Perbincangan antara para pengungsi dan pihak pengelola gedung tidak menemukan titik temu. Tak ada perwaklian UNHCR yang turun dan tidak ada pula perwakilan pengungsi yang masuk untuk bertemu.
Hujan perlahan reda. Para pengungsi akhirnya memilih kembali ke tempat masing-masing menjelang pukul empat sore. Begitu juga dengan Kemran, yang berlalu meninggalkan lokasi dengan kekecewaan yang sepenuhnya sama.
Associate External Relations-Public Information Officer UNHCR Indonesia, Mitra Salima mengatakan, kedatangan para pengungsi dari berbagai negara paling besar terjadi pada tahun 2013. Kala itu, jumlah pengungsi yang masuk ke Indonesia mencapai 8.300 orang. "Sebenarnya kedatangan mereka sudah sejak beberapa tahun sebelumnya.
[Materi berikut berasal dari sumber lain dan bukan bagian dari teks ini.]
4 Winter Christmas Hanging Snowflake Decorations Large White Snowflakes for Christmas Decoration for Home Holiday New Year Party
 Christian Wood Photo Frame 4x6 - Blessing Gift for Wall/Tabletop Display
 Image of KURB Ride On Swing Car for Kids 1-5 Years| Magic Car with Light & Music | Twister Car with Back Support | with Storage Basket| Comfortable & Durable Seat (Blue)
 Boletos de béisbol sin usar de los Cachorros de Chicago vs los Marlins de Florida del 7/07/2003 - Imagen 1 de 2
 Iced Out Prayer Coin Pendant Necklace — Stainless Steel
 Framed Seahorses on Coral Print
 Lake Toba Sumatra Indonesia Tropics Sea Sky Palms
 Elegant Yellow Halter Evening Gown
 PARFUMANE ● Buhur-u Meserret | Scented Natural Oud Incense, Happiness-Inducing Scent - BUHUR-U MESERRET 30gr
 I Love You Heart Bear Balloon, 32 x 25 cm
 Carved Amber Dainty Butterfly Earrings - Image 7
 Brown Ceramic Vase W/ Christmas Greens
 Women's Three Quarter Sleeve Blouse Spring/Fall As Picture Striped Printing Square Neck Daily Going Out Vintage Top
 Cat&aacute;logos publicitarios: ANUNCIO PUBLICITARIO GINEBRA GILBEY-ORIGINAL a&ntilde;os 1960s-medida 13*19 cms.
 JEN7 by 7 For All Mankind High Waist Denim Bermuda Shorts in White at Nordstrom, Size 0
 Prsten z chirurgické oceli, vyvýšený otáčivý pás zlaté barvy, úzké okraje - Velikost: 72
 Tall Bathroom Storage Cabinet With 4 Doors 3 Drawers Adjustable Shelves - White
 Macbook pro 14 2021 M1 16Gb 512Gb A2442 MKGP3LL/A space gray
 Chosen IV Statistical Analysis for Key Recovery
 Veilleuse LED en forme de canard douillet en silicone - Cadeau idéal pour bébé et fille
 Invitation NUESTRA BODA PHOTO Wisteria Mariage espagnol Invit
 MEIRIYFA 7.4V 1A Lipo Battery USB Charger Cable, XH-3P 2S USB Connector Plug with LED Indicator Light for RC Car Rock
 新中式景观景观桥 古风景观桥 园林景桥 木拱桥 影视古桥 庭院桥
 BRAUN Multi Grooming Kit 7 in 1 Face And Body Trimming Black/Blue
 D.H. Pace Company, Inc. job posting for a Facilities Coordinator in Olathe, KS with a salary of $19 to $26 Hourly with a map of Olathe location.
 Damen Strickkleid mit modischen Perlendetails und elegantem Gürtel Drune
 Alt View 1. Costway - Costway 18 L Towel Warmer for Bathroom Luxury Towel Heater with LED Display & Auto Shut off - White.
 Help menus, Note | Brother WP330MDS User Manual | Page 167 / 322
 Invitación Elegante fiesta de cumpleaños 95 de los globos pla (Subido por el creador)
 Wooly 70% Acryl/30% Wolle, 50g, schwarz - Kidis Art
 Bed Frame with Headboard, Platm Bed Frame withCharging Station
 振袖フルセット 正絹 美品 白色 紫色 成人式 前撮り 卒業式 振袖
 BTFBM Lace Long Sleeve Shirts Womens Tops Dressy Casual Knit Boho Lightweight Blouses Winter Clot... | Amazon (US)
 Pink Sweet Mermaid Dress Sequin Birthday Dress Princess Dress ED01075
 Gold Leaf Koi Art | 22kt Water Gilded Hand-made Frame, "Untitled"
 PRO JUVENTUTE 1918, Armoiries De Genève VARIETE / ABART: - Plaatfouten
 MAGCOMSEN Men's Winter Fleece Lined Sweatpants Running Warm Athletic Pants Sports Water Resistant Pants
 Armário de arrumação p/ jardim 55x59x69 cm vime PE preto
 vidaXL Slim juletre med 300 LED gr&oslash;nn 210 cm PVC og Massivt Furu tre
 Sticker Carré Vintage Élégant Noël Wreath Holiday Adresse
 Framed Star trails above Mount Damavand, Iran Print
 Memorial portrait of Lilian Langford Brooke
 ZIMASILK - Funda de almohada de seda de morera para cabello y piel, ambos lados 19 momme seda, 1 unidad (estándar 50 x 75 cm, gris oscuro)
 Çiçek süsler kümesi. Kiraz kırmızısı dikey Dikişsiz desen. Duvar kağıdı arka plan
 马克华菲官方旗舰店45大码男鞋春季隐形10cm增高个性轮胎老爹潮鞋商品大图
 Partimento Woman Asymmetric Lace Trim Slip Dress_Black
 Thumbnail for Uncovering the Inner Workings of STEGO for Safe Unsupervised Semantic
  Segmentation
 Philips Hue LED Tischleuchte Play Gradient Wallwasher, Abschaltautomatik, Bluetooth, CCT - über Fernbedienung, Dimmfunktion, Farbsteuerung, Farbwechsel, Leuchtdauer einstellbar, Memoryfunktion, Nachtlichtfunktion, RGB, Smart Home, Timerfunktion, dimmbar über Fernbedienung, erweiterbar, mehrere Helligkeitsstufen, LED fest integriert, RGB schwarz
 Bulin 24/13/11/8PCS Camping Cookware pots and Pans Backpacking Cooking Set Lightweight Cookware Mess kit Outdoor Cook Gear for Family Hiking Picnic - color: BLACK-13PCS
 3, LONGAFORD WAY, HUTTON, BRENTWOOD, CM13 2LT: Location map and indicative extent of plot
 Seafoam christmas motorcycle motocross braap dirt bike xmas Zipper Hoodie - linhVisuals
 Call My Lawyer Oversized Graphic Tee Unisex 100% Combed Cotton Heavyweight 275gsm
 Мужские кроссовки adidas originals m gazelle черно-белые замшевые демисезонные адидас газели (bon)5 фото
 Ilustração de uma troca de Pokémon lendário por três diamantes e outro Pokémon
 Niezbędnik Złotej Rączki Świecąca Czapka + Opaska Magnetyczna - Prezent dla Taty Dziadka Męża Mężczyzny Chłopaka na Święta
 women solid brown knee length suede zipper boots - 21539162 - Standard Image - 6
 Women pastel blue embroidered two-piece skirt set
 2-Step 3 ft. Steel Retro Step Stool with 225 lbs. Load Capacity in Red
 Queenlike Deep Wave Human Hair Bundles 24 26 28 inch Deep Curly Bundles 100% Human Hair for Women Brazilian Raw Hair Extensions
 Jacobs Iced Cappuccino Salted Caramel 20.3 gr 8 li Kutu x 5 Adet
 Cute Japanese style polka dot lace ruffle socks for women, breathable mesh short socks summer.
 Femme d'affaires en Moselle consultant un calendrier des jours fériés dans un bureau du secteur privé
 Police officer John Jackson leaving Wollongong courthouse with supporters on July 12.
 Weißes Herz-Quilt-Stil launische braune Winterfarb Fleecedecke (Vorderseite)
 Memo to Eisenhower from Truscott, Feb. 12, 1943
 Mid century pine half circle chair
Setelah 2013 jumlahnya cenderung menurun," kata Mitra kepada Suara.com melalui sambungan telepon pada Desember 2022 lalu.
Mitra menyebut bahwa para pengungsi berharap memperoleh resettlement ke negara-negara penerima seperti Australia, Kanada, hingga Amerika Serikat.
Mitra mengatakan, penerimaan oleh negara ketiga bukan menjadi keputusan UNHCR. Pasalnya, lembaga ini hanya bekerjasama dengan negara-negara penerima untuk membantu pengungsi yang paling rentan dan mempunyai risiko perlindungan di negara suaka.
Dalam penjelasan yang turut diunggah dalam akun Instagram UNHCR Indonesia, pengungsi tidak dapat memilih negara ketiga yang akan menerima mereka. Dalam hal ini, pemerintah dari berbagai negara ketiga setiap tahunnya memberikan informasi kepada UNHCR terkait jumlah pengungsi yang akan mereka terima.
Baca Juga: Pervez Musharraf Meninggal di Pengasingan, Akibat Penyakit Langka yang Dideritanya Menahun
Negara-negara penerima juga menetapkan kriteria kelayakan atau kasus seperti apa yang dapat mereka terima. Selain itu, penempatan para pengungsi ke negara ketiga bukanlah sebuah hak.
Negara penerima hanya menawarkan kuota yang terbatas. Artinya, mayoritas pengungsi tidak dapat memperoleh penempatan ke negara ketiga meskipun mereka membutuhkan perlindungan dan perlu dipersatukan kembali dengan keluarganya.
UNHCR juga memprioritaskan kasus-kasus yang paling mendesak untuk direkomendasikan. Tak hanya itu, UNHCR terus berupaya mengadvokasi negara-negara penerima agar kuota penempatan ke negara ketiga meningkat setiap tahunnya, dengan tetap mengusahakan jalur-jalur lainnya termasuk sponsor pribadi apabila memungkinkan.
Seluruh rangkaian proses penempatan ke negara ketiga tergantung pada beberapa sesi wawancara, pemeriksaan, yang seringkali memakan waktu beberapa tahun lamanya."Kami selalu ingatkan kepada mereka bahwa penerimaan resettlement adalah keputusan yang dibuat oleh negara penerimanya, bukan UNHCR," ucap Mitra.
Kematian Sang Ayah
Rahima merangkai jalinan peristiwa itu secara terbata-bata saat ku jumpai di indekos tempat dia tinggal di kawasan Ciawi, Kabupaten Bogor, Jawa Barat pada 13 Desember 2022 lalu. Di beranda indekos, Rahima kembali mengingat serangkaian aksi unjuk rasa yang kerap dia ikuti bersama para pengungsi Afghanistan di depan gedung UNHCR. "Hidup kami habis di sini, tidak bisa apa-apa. Tidak bisa bekerja atau sekolah," ucap Rahima seraya mengenang setiap unjuk rasa yang dia ikuti.